### [Prompt]
Each line of the material beneath should be duplicated exactly.

+---+

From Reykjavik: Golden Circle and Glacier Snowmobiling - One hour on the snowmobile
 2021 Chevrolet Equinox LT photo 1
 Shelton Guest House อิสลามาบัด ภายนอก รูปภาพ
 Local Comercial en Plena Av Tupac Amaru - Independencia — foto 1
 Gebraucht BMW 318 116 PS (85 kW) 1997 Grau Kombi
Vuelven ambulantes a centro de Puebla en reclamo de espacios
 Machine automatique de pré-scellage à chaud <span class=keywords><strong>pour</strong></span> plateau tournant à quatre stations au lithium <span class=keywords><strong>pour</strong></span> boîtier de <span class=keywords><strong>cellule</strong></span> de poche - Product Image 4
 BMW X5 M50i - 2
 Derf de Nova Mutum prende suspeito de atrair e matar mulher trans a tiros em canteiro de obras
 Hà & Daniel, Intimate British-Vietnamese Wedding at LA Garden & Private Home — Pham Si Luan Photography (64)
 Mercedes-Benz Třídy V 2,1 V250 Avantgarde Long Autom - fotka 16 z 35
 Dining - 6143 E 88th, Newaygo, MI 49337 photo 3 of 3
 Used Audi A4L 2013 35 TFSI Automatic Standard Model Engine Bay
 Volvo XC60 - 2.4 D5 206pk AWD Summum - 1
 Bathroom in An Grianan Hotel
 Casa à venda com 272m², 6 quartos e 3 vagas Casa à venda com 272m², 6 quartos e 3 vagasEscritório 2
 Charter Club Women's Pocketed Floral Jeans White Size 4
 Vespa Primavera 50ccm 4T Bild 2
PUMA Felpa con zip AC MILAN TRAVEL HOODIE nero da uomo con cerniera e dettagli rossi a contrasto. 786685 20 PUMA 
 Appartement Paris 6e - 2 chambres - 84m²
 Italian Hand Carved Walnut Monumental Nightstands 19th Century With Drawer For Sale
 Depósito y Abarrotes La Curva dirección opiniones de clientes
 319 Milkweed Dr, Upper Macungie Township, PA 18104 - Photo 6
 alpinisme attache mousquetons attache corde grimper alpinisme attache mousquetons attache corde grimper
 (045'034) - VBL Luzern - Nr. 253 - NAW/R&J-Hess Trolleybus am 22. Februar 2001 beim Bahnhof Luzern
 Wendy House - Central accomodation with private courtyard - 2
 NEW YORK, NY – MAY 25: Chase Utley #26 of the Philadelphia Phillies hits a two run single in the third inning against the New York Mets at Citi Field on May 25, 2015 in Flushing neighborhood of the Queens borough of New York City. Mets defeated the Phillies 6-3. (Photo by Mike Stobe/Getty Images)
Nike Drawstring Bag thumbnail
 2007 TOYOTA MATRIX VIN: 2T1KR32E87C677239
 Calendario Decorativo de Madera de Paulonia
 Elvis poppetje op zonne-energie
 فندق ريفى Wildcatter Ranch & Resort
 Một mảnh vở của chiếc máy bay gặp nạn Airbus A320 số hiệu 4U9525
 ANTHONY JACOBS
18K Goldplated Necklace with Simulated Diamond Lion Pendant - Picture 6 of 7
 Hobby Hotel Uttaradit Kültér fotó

+---+

### [Solution to this exercise]
From Reykjavik: Golden Circle and Glacier Snowmobiling - One hour on the snowmobile
 2021 Chevrolet Equinox LT photo 1
 Shelton Guest House อิสลามาบัด ภายนอก รูปภาพ
 Local Comercial en Plena Av Tupac Amaru - Independencia — foto 1
 Gebraucht BMW 318 116 PS (85 kW) 1997 Grau Kombi
Vuelven ambulantes a centro de Puebla en reclamo de espacios
 Machine automatique de pré-scellage à chaud <span class=keywords><strong>pour</strong></span> plateau tournant à quatre stations au lithium <span class=keywords><strong>pour</strong></span> boîtier de <span class=keywords><strong>cellule</strong></span> de poche - Product Image 4
 BMW X5 M50i - 2
 Derf de Nova Mutum prende suspeito de atrair e matar mulher trans a tiros em canteiro de obras
 Hà & Daniel, Intimate British-Vietnamese Wedding at LA Garden & Private Home — Pham Si Luan Photography (64)
 Mercedes-Benz Třídy V 2,1 V250 Avantgarde Long Autom - fotka 16 z 35
 Dining - 6143 E 88th, Newaygo, MI 49337 photo 3 of 3
 Used Audi A4L 2013 35 TFSI Automatic Standard Model Engine Bay
 Volvo XC60 - 2.4 D5 206pk AWD Summum - 1
 Bathroom in An Grianan Hotel
 Casa à venda com 272m², 6 quartos e 3 vagas Casa à venda com 272m², 6 quartos e 3 vagasEscritório 2
 Charter Club Women's Pocketed Floral Jeans White Size 4
 Vespa Primavera 50ccm 4T Bild 2
PUMA Felpa con zip AC MILAN TRAVEL HOODIE nero da uomo con cerniera e dettagli rossi a contrasto. 786685 20 PUMA 
 Appartement Paris 6e - 2 chambres - 84m²
 Italian Hand Carved Walnut Monumental Nightstands 19th Century With Drawer For Sale
 Depósito y Abarrotes La Curva dirección opiniones de clientes
 319 Milkweed Dr, Upper Macungie Township, PA 18104 - Photo 6
 alpinisme attache mousquetons attache corde grimper alpinisme attache mousquetons attache corde grimper
 (045'034) - VBL Luzern - Nr. 253 - NAW/R&J-Hess Trolleybus am 22. Februar 2001 beim Bahnhof Luzern
 Wendy House - Central accomodation with private courtyard - 2
 NEW YORK, NY – MAY 25: Chase Utley #26 of the Philadelphia Phillies hits a two run single in the third inning against the New York Mets at Citi Field on May 25, 2015 in Flushing neighborhood of the Queens borough of New York City. Mets defeated the Phillies 6-3. (Photo by Mike Stobe/Getty Images)
Nike Drawstring Bag thumbnail
 2007 TOYOTA MATRIX VIN: 2T1KR32E87C677239
 Calendario Decorativo de Madera de Paulonia
 Elvis poppetje op zonne-energie
 فندق ريفى Wildcatter Ranch & Resort
 Một mảnh vở của chiếc máy bay gặp nạn Airbus A320 số hiệu 4U9525
 ANTHONY JACOBS
18K Goldplated Necklace with Simulated Diamond Lion Pendant - Picture 6 of 7
 Hobby Hotel Uttaradit Kültér fotó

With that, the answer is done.